Thursday, July 24, 2008

Leveling the Playing Field for Rulebase Benchmarks

Greetings, Programs:

I have, in the past, published lots of benchmark results. Most were "fair" in my own eyes but recently Gary Riley has called my attention to the fact that they were not, in actuality, fair. For instance, some of them were done in the interpreted mode while some were done in the compiled mode. In the days of yore, I didn't have much of a choice since some of the rulebased vendors only had the compiled or the interpreted. Some would not allow external objects and others required external objects.

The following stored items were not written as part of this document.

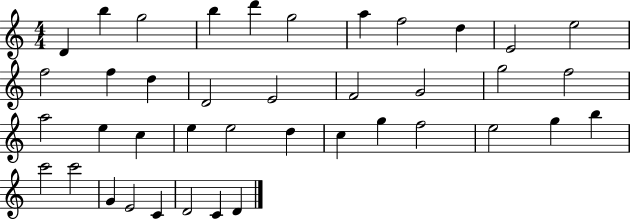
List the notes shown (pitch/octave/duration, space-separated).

D4/q B5/q G5/h B5/q D6/q G5/h A5/q F5/h D5/q E4/h E5/h F5/h F5/q D5/q D4/h E4/h F4/h G4/h G5/h F5/h A5/h E5/q C5/q E5/q E5/h D5/q C5/q G5/q F5/h E5/h G5/q B5/q C6/h C6/h G4/q E4/h C4/q D4/h C4/q D4/q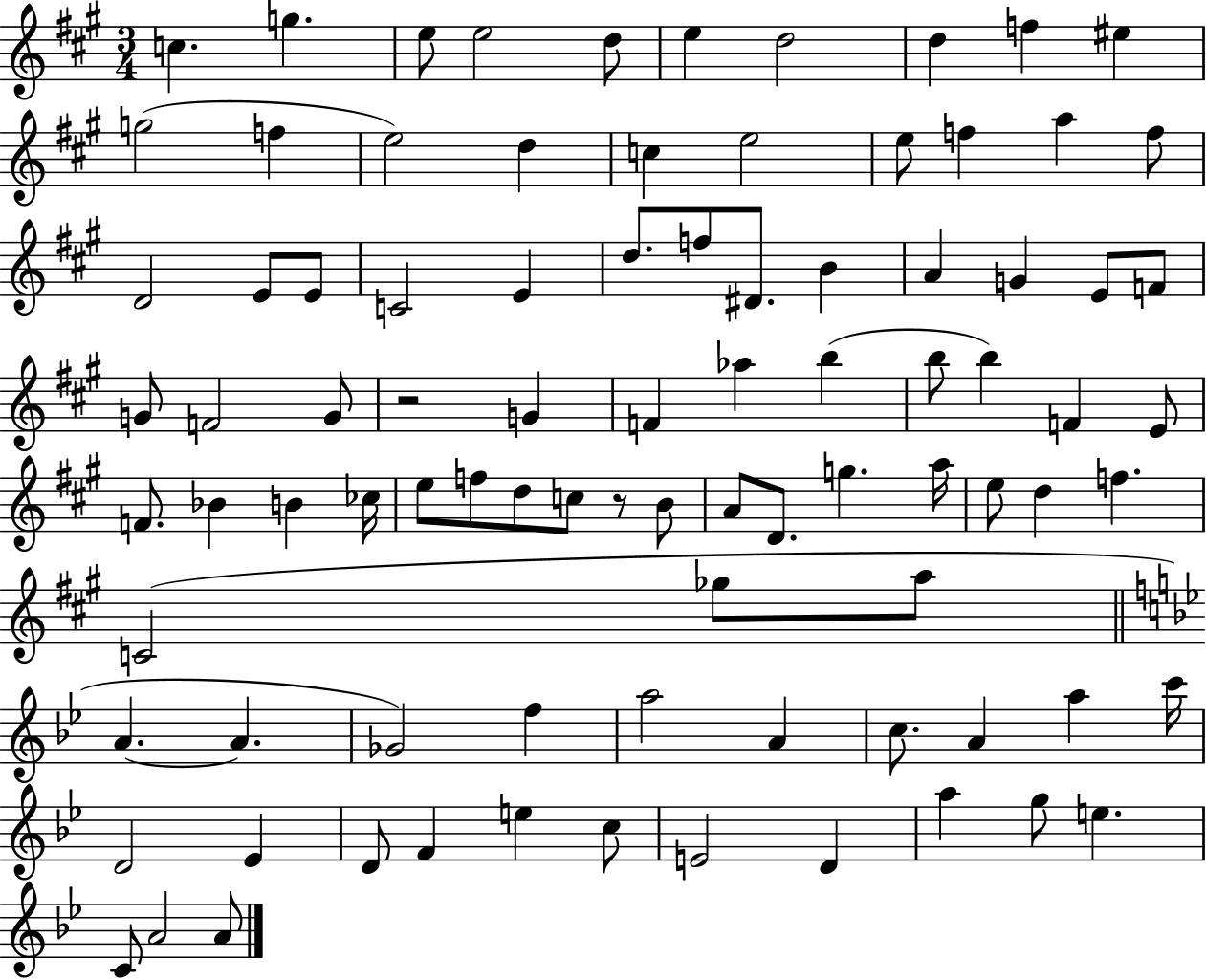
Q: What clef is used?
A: treble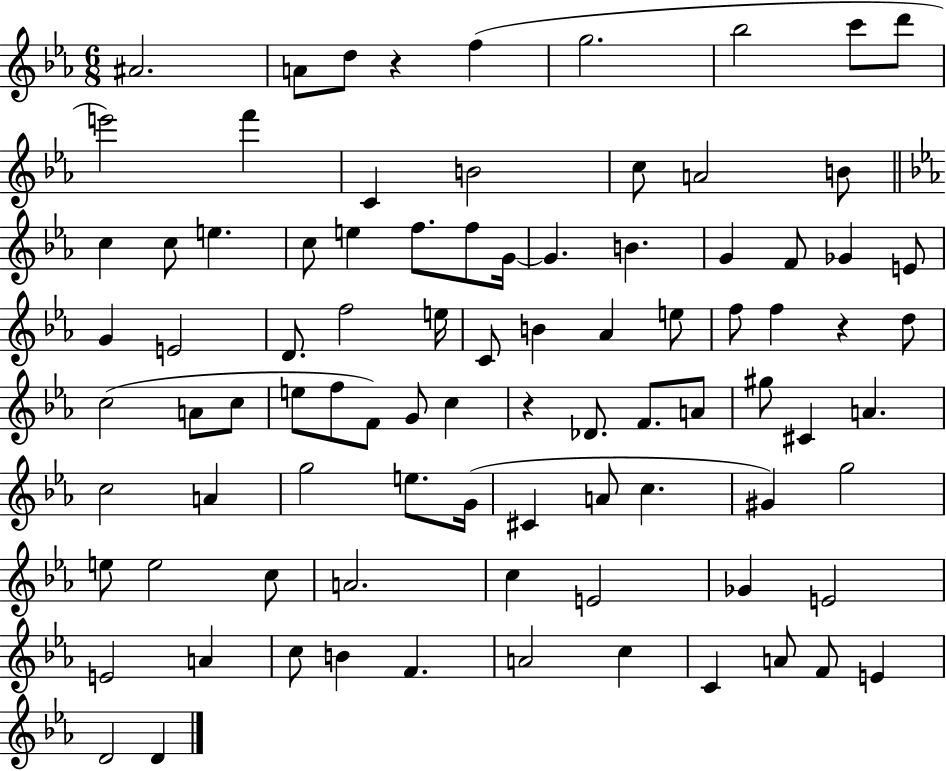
X:1
T:Untitled
M:6/8
L:1/4
K:Eb
^A2 A/2 d/2 z f g2 _b2 c'/2 d'/2 e'2 f' C B2 c/2 A2 B/2 c c/2 e c/2 e f/2 f/2 G/4 G B G F/2 _G E/2 G E2 D/2 f2 e/4 C/2 B _A e/2 f/2 f z d/2 c2 A/2 c/2 e/2 f/2 F/2 G/2 c z _D/2 F/2 A/2 ^g/2 ^C A c2 A g2 e/2 G/4 ^C A/2 c ^G g2 e/2 e2 c/2 A2 c E2 _G E2 E2 A c/2 B F A2 c C A/2 F/2 E D2 D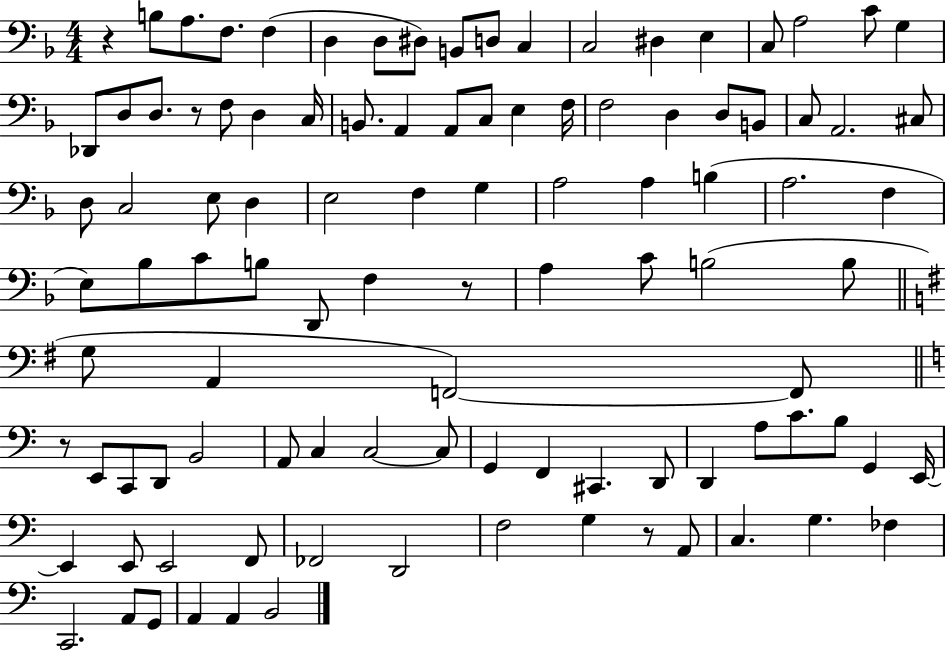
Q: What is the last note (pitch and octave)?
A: B2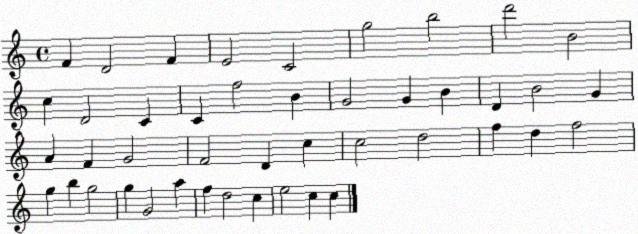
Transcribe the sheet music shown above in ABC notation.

X:1
T:Untitled
M:4/4
L:1/4
K:C
F D2 F E2 C2 g2 b2 d'2 B2 c D2 C C f2 B G2 G B D B2 G A F G2 F2 D c c2 d2 f d f2 g b g2 g G2 a f d2 c e2 c c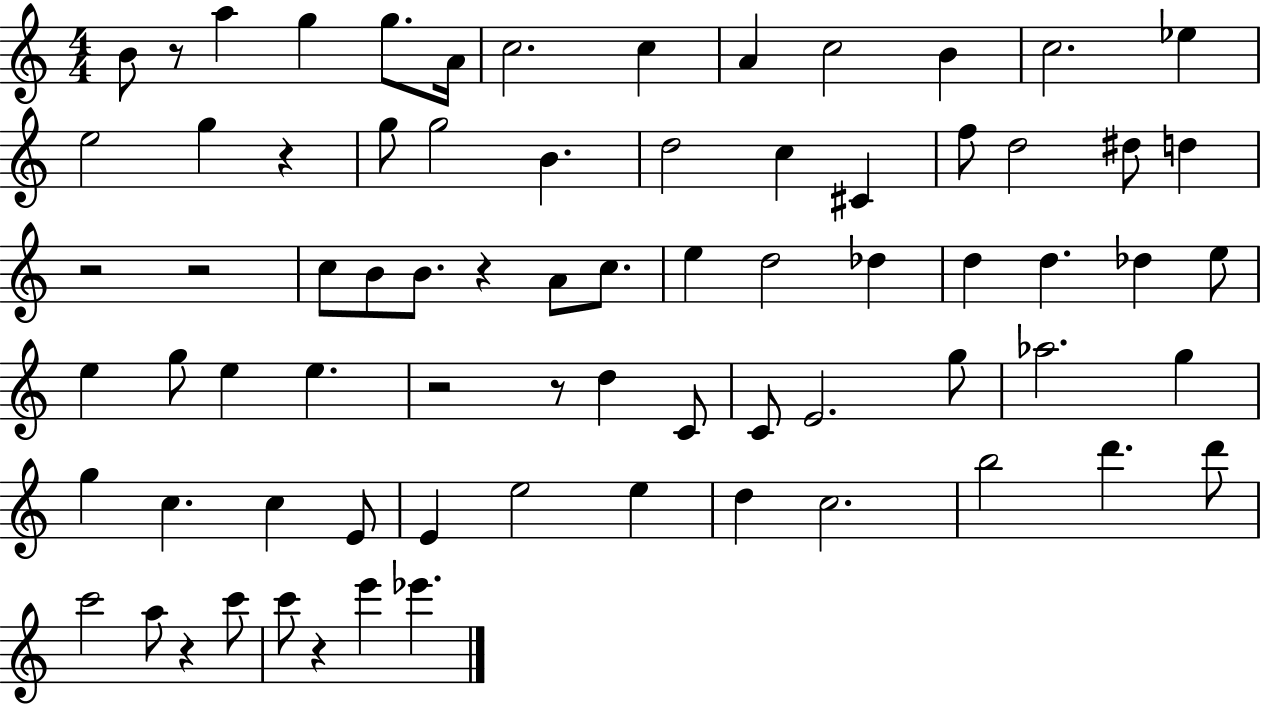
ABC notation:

X:1
T:Untitled
M:4/4
L:1/4
K:C
B/2 z/2 a g g/2 A/4 c2 c A c2 B c2 _e e2 g z g/2 g2 B d2 c ^C f/2 d2 ^d/2 d z2 z2 c/2 B/2 B/2 z A/2 c/2 e d2 _d d d _d e/2 e g/2 e e z2 z/2 d C/2 C/2 E2 g/2 _a2 g g c c E/2 E e2 e d c2 b2 d' d'/2 c'2 a/2 z c'/2 c'/2 z e' _e'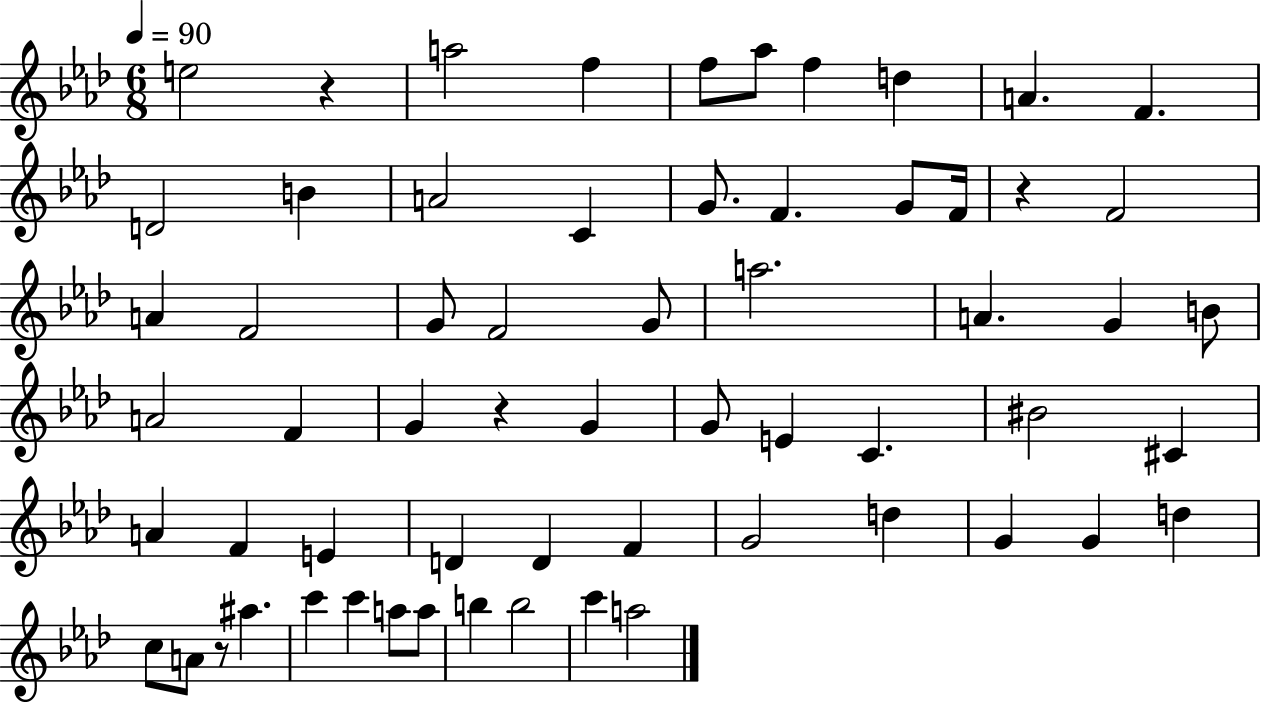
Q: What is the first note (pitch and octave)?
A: E5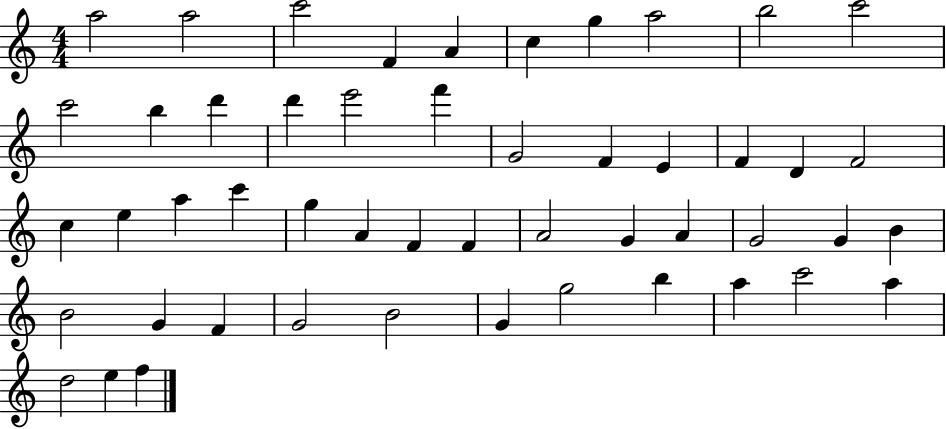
X:1
T:Untitled
M:4/4
L:1/4
K:C
a2 a2 c'2 F A c g a2 b2 c'2 c'2 b d' d' e'2 f' G2 F E F D F2 c e a c' g A F F A2 G A G2 G B B2 G F G2 B2 G g2 b a c'2 a d2 e f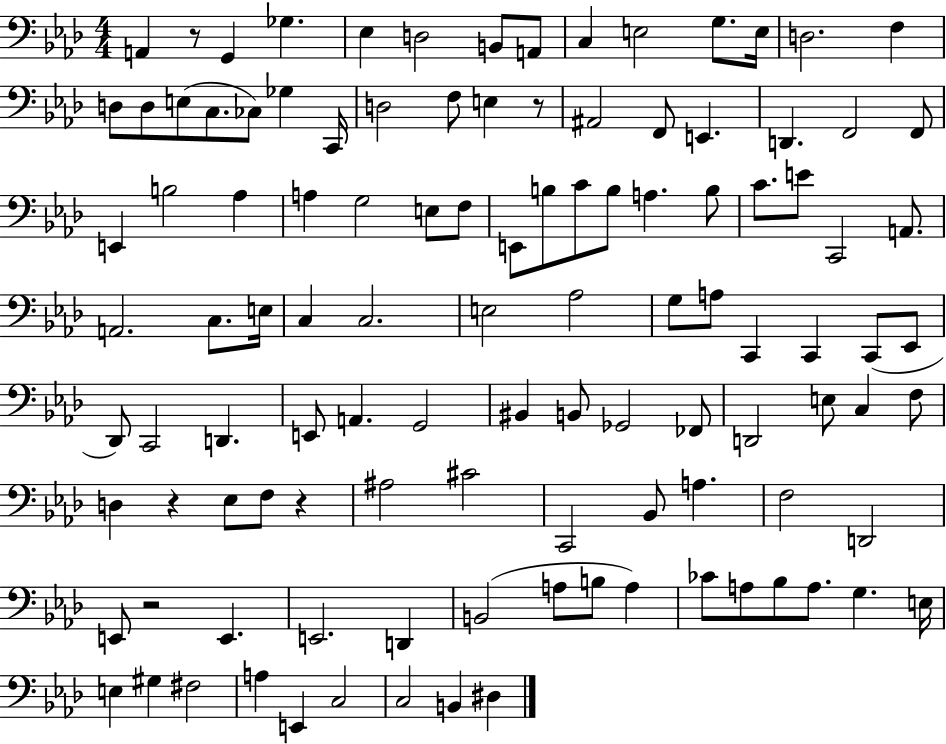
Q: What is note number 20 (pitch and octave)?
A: C2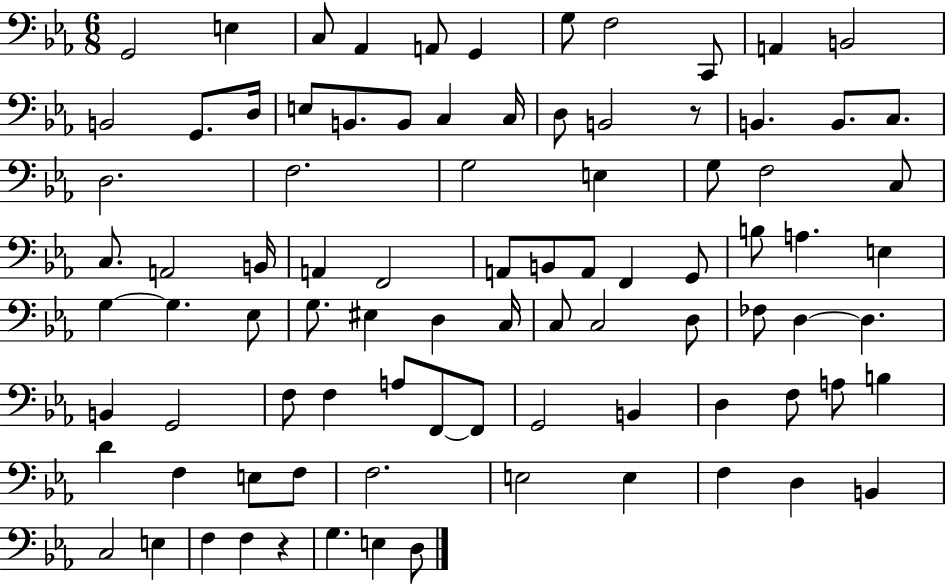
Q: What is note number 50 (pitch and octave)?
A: D3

So, I have decided that we will start a whole new era of rulebase benchmarks. They will be broken down into several categories;

> Interpreted Rules

> Compiled Rules (usually some kind of OPS rulebase) for those that have such configurations and will include both inference mode and sequential mode

> Decision Table benchmark for Corticon, Visual Rules and other companies that use such tools.

Some companies will be able to do all three, such as ILOG (now IBM) and Fair Isaac. Others, such as Corticon and Visual Rules, will be able to do only the decision table version. OPSJ will be compiled only. I have determined that ALL of the three methods of using rules will HAVE to be able to use external objects, not internal objects. The reason for this is that "normal" business practices use external objects that have an API for calling or using these objects that adds abstraction to the objects - meaning that the objects can change, have things added to them, whatever and it should not affect in any way what happens with the old rules. New rules then can be written to access the old objects or the modified objects.

So, considering the first two categories, these would be conventional, OPS-type, IF-THEN-ELSE rules. What we don't want to do is resurrect the Miss Manners benchmark and probably not the Waltz benchmarks since both classes of benchmarks seem to rely on one rule firing over and over and over. Way too easy to cheat - and several closed-source companies have done so long ago.

But what if we came up with an NP-Complete problem that should be solved within a certain timeframe to just whether a rule engine can or can not be used within an viable commercial, business problem rule set AS WELL AS being used within the scientific and academic communities. I don't think that decision tables can do this kind of problem so we'll have to find a completely different benchmark for them, one that deals strictly with getting and reading the data, putting the data in the spreadsheet (OK, decision table) and then firing firing up the rule engine. Something like that. I'm open to suggestions so let me know if you can think of anything.

Meanwhile, congratulations again to Drools for best 2008 Open Source Rulebase/BRMS and to Fair Isaac Blaze Advisor for the best 2008 BRMS application. Well-deserved and well-earned.



woolfel said...

There are a couple of common business use cases that I've seen first hand. I included these in my list of "potential" benchmarks a long time ago.

Here's 3 different kinds of "realistic" business scenarios. it's not enough to write the rules. It's a general description of the type of rules.

Message filtering -
thousands of simple read only rules
objects with lots of fields
rules reason over 1 object without joins
the application is responsible for transforming some other object model and converting it to the flat format

Simple Calculation -
several hundred rules that modify an object with a calculated value
the objects tend to be normalized
rules reason over multiple objects and perform simple joins
each object may participate in multiple rule activations

Inference rules -
several hundred to thousands of rules that modify objects, and create new objects
the object model tends to be complex with dozens of entities
rule use chaining to control the business logic and may include simple calculation

Johan Lindberg said...


I'm a bit curious about why you think an NP-complete problem would serve well as a benchmark. I can think of several cons but don't really see any pros...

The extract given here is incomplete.